Skip to main content

Section C.20 A3: Java Collections Framework and Hashing

Synopsis.

  1. Short Overview over the Java Collection Framework

    • The Java Collections Framework is a library of of data structures. Some we have discussed in Chapter 5

    • Discuss the basic interfaces List, Set, Map

    • Java has special syntax for Iterators, briefly discuss the Iterator interface and explain for loop.

  2. Hashing.

    • Discussed binary search trees as an implementation for maps/sets.

    • Recap that implementing maps subsumes sets

    • New idea that is popular in practice: Use function to map keys to array indexes.

    • Works well if function is injective: Hardly the case in practice because key set is too large and would be dependent on array size.

    • Non-injective function means that we have collisions.

    • First idea: Use collision chains/lists to list all collisions per bucket.

    • Discuss simple code to search/add in a hash table with separate chaining.

    • Discuss the hashCode/equals problem. Refer to Java Collections Framework.
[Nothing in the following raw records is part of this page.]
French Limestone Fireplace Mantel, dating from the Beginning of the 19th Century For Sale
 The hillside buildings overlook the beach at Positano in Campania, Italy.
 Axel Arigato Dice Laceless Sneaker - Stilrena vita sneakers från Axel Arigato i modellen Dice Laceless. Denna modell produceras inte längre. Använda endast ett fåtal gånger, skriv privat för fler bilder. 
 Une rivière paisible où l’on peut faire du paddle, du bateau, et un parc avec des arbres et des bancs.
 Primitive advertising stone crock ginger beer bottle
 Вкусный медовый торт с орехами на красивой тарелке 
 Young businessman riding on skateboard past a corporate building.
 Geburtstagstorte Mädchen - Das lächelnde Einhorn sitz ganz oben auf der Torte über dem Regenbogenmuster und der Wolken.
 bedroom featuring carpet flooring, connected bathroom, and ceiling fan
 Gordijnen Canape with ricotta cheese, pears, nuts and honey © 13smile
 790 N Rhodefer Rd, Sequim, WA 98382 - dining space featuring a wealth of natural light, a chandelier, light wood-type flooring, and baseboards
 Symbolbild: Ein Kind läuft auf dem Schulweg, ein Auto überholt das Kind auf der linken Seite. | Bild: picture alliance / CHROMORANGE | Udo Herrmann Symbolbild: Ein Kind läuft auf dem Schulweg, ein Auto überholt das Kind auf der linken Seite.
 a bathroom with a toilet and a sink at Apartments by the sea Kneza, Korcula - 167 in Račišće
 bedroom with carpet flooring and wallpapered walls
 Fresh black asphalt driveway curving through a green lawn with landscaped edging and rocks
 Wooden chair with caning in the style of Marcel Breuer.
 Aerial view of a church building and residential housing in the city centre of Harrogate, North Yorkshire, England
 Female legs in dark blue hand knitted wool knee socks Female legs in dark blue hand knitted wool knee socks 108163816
    • Introduce load factor. If load factor less than one and hash function scatters elements evenly, time for search constant.

    • Needs however resizing of hash table upon insertion based on a threshold.

    • Resizing of hash table requires re-hashing: keys can end up in different bins.

    • Mention problem of mutability: Mutating objects such that their hash value changes after they have been inserted may make them “vanish”.

    • Introduce probing. Chaining conceptionally nice but linked lists require more memory and provoke not so local accesses; bad for the cache.

    • New hash function that takes hash value and index into collision chain: determines array index.

    • Linear probing: simple, contiguous accesses but easy cluster formation.

    • Quadratic probing: more complex, not so contiguous but maybe less cluster formation. Interesting question if the it fully utilizes table, i.e. if probing hash function is surjective on array. Yes, if \(c=d=1/2\) and table size is power of two.

    • Final example with all three presented techniques.

Sections Covered.

Section 8.9, Section 5.3